ROAD TRIPPED “If a city isn’t booked, fuck it, we’ll hang out in front of a venue and busk,” says banjo/accordion specialist Ryan Coomey (standing, right, with, from left, Chestnut Growler, Ethan Rubin, Matt Cost and, sitting, Jonny Swagger). |
Perhaps sped-up three-chord angst anthems and ugly haircuts fell out of relevance long before the kid from A Walk To Remember started singing for the Germs. But the DIY punk ethos pioneered by angry early Reagan-era bands couldn't be more crucial in this day and age, when hardly anybody gets big-money record deals.Few exemplify a scrappy independent streak quite like the Swaggerin' Growlers. The bawdy riot folkees have graciously provided a reason to start drinking heavily after lunch on Saturday at the Middle East, at the release party for their tertiary album, Outlaw Waltz. In the interest of manufacturing their most adventurous collection of meaty folk-punk to date, Jonny Swagger learned how to be a sound engineer. Drummer Chestnut Growler acts as de-facto booking agent.
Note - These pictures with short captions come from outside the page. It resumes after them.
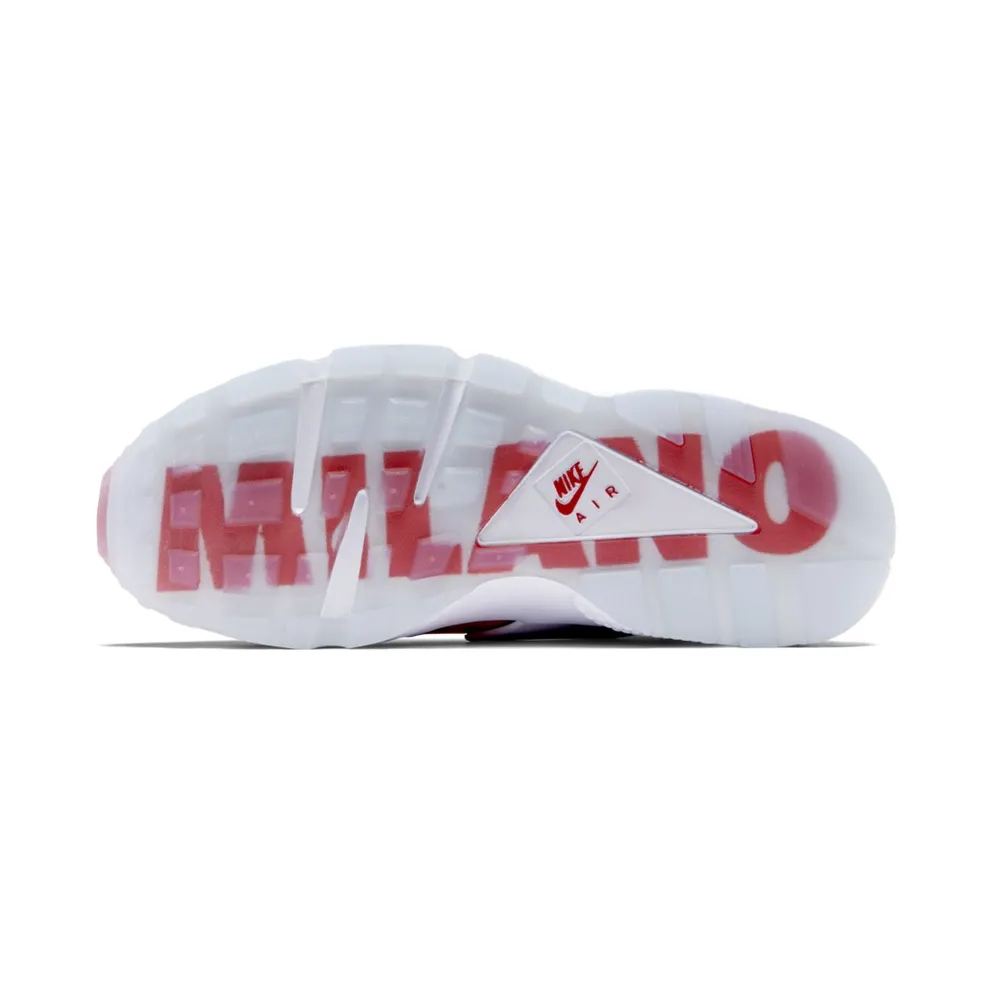 Nike Air Huarache City Pack Milan (704830-610)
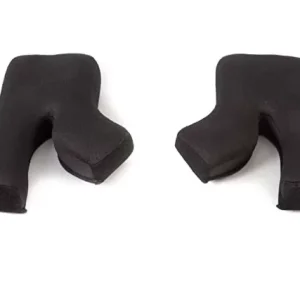 Azonnal elérhető CKX Acrpárna Nyári 33Mm XS-L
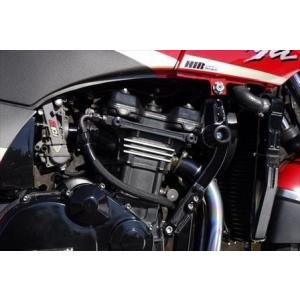 TG中川 ティージーナカガワ ヘッドバイパスラインキット GPZ900R GPZ1000RX KAW...
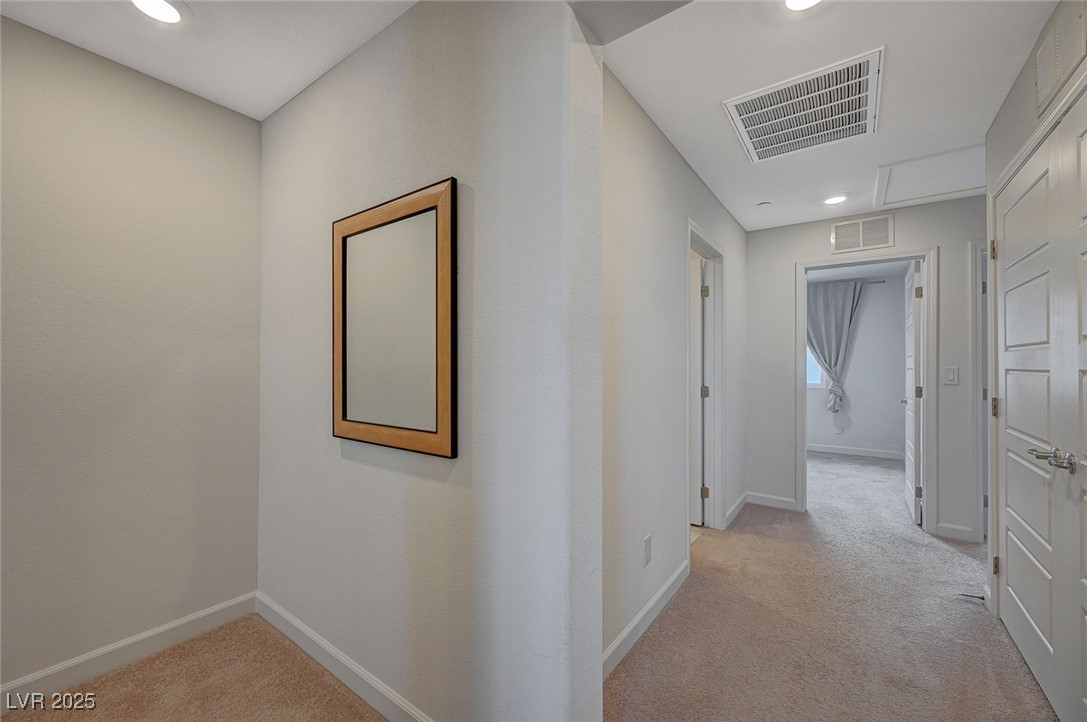 757 Omaggio Place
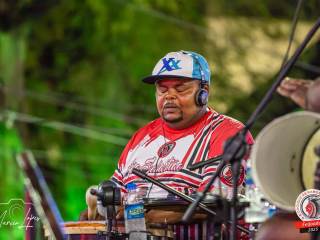 feijoada-136-16-03-2025-1513-de-564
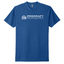 ProCraft Restoration Group - Unisex Next Level CVC T-Shirt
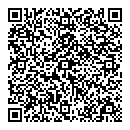 QR код "Максавит"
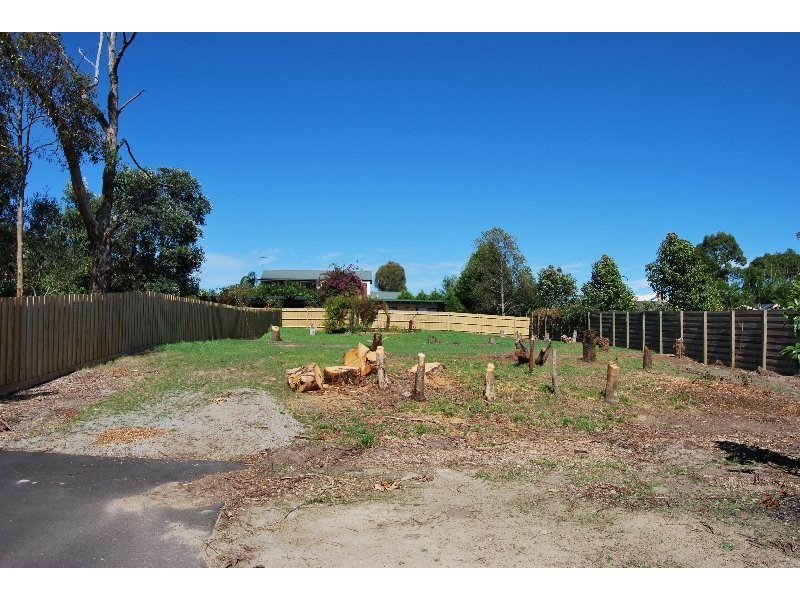 1 Fedra Crt, Mount Martha VIC 3934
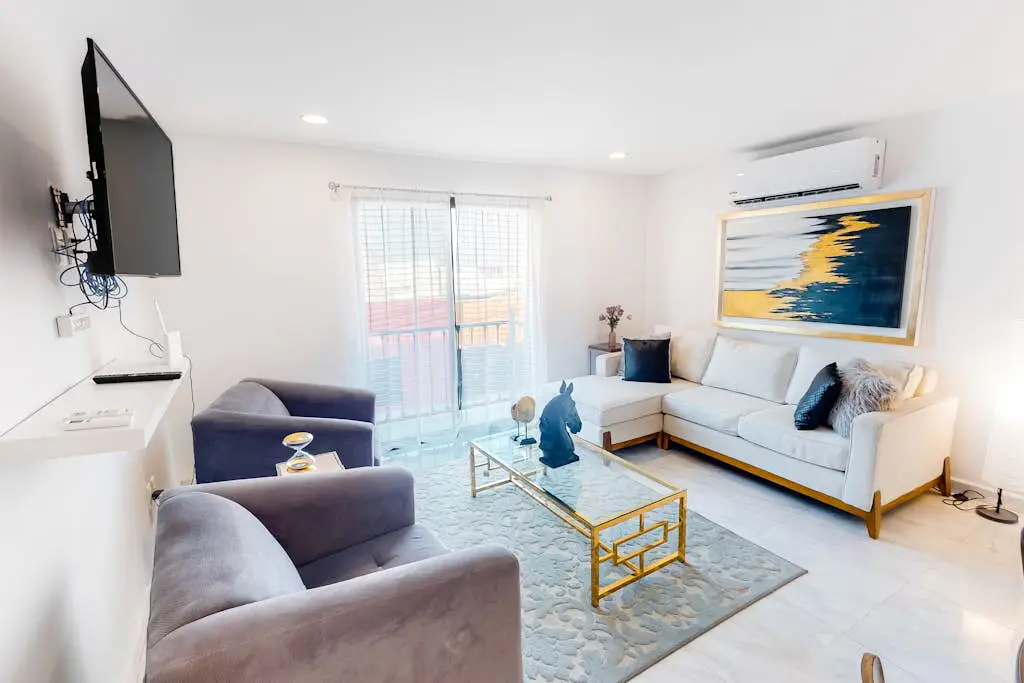 Cerro Colorado Condo - 1BR | Condo in Cabo San Lucas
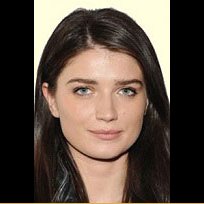 Ив Хјусон Eve Hewson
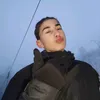 lordxarox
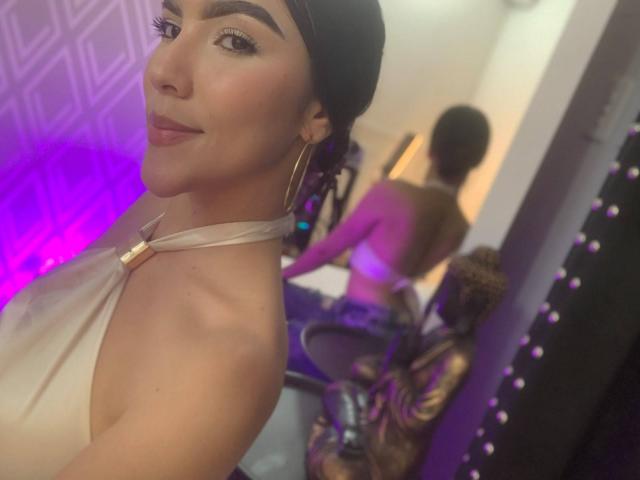 PrincessVictoria - Live porn &amp; sex cam - 30093182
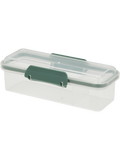 Snack Box Clip Container (1)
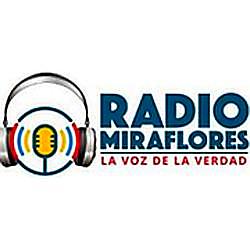 Radio Miraflores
Because a low-hanging water pipe ripped a hole in the roof of the van in which they're about to tour, on this evening, when several of us are drinking on somebody's porch, fiddler Ethan Rubin has just patched it up with caulk and Plexiglas.
There's nothing atypical about getting by without a manager, booking agent, publicist, or professional van-repair guy. But Swagger — who cackles when asked how many people have come and gone from his band since its inception five or six years back (one former drummer supposedly went straight from the Growlers to rehab) — deservedly pats himself on the back for getting this far without any business-minded machinery.
"If you depend on somebody else, you deal with their shortcomings," he says between hauls off a 40-ounce that's wrapped in bandanas to keep it cool. "Here, I see a band without short comings. The only labels we've considered courting are ones that come from the same background of 'Fuck it, let's do it ourselves.' That mentality is important to us, 'cause that way, shit gets done."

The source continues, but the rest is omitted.